═══ Data below ═══

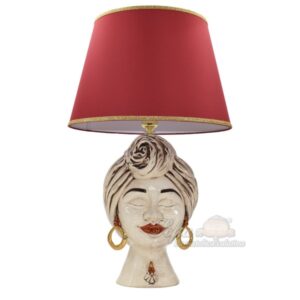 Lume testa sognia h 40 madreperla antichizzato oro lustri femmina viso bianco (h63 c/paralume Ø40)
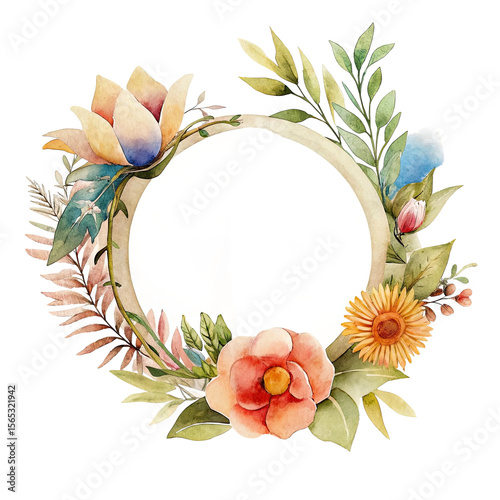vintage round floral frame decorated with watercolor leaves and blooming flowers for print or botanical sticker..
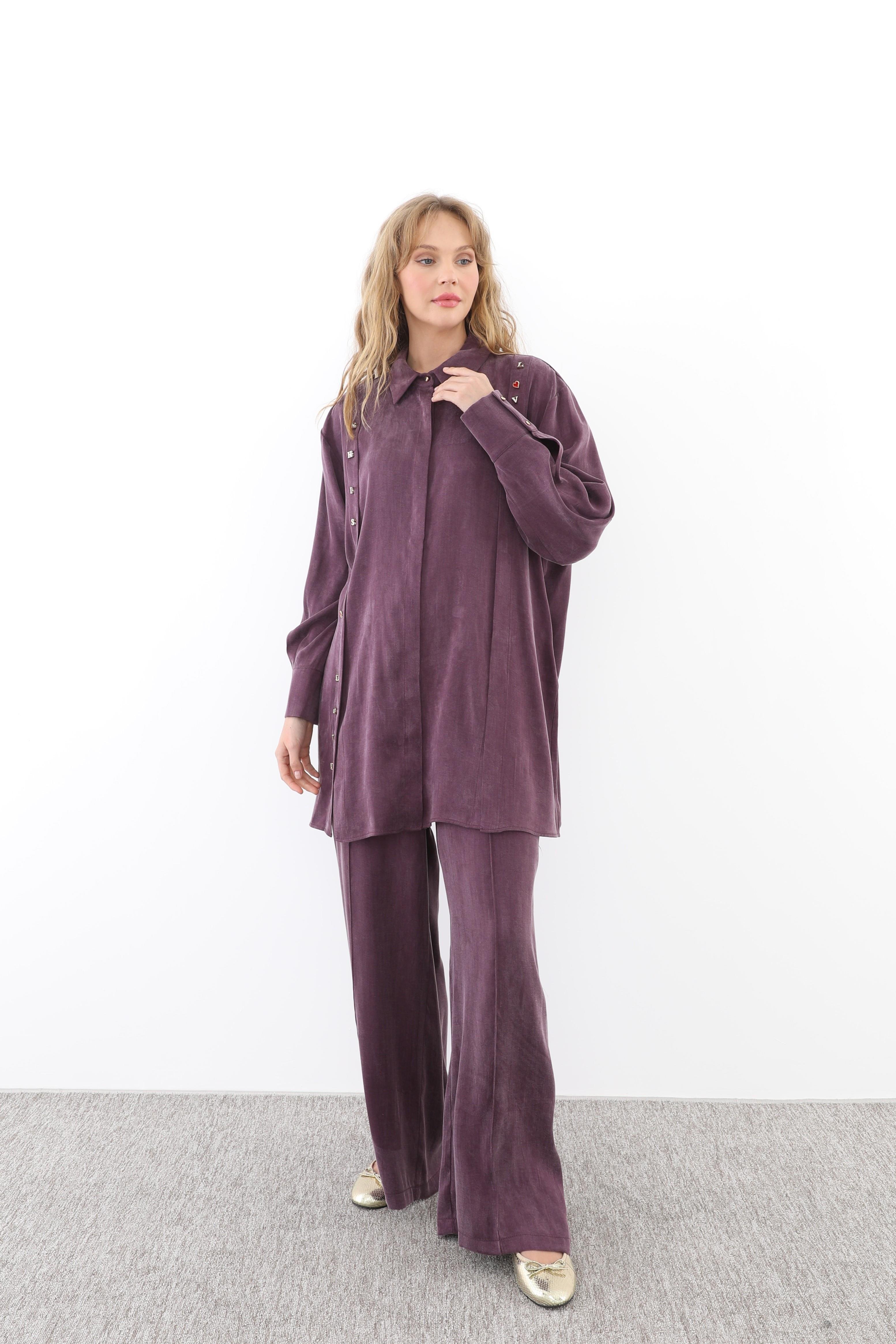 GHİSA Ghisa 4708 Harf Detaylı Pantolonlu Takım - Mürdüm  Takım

═══

About this task. In the data above, the line containing "vintage round floral" and all lines after it are to be reproduced exactly, leaving out the pictures.

Completed task.
vintage round floral frame decorated with watercolor leaves and blooming flowers for print or botanical sticker..
 GHİSA Ghisa 4708 Harf Detaylı Pantolonlu Takım - Mürdüm  Takım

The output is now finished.